__EXERCISE OBJECTIVE__
Only the lines from the one containing "Weekly $4800 cash" through the end of the material should be printed, exactly as they appear. Leave out pictures.

__INPUT DATA__
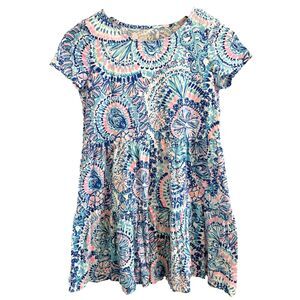 Lilly Pulitzer Girls Large 8 10 Geanna Swing Dress Blue Pink S/S Tropical Ocean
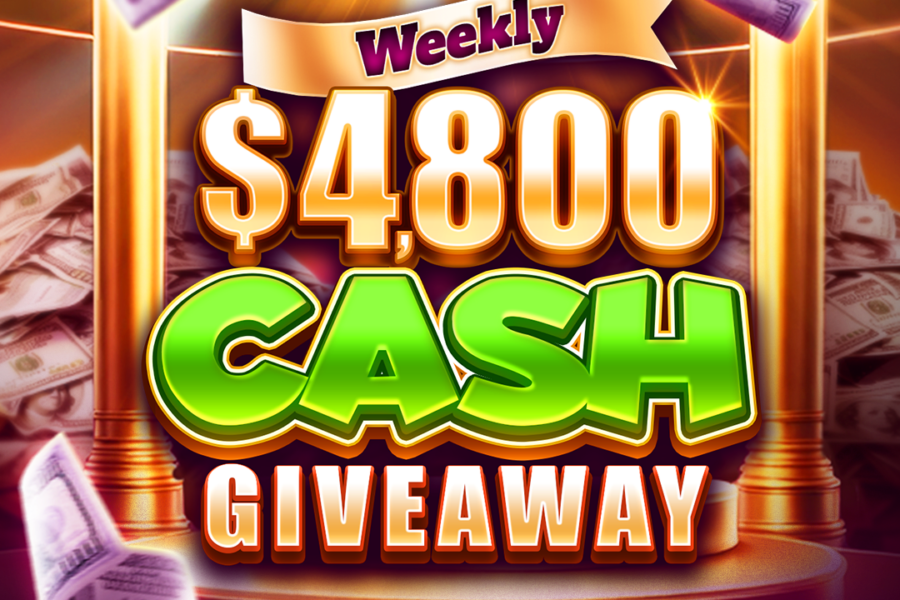Weekly $4800 cash giveaway graphic with golden pillars, glowing highlights, and scattered dollar bills.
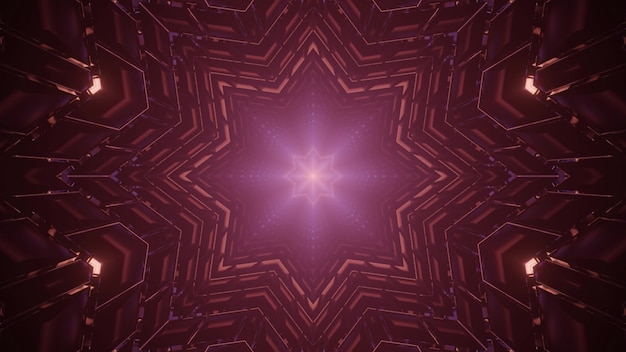 Kaleidoscopic 3D illustration of abstract background of symmetric star shaped ornament of dark red color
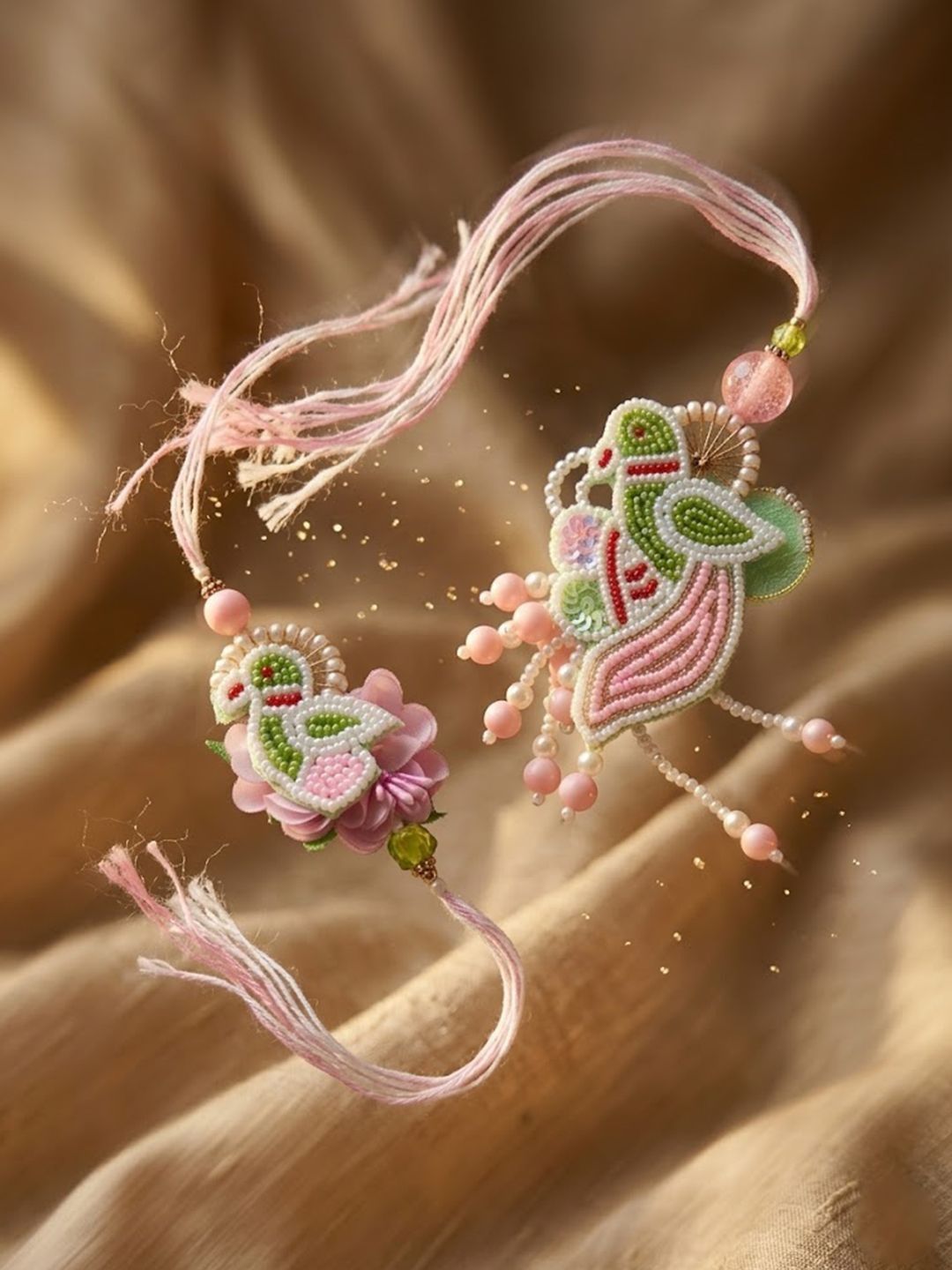 Anouk Set Of 2 Leaf Design Pearls & Artificial Stones Bhaiya Bhabhi Rakhi With Roli Chawal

__EXPECTED ANSWER__
Weekly $4800 cash giveaway graphic with golden pillars, glowing highlights, and scattered dollar bills.
 Kaleidoscopic 3D illustration of abstract background of symmetric star shaped ornament of dark red color
 Anouk Set Of 2 Leaf Design Pearls & Artificial Stones Bhaiya Bhabhi Rakhi With Roli Chawal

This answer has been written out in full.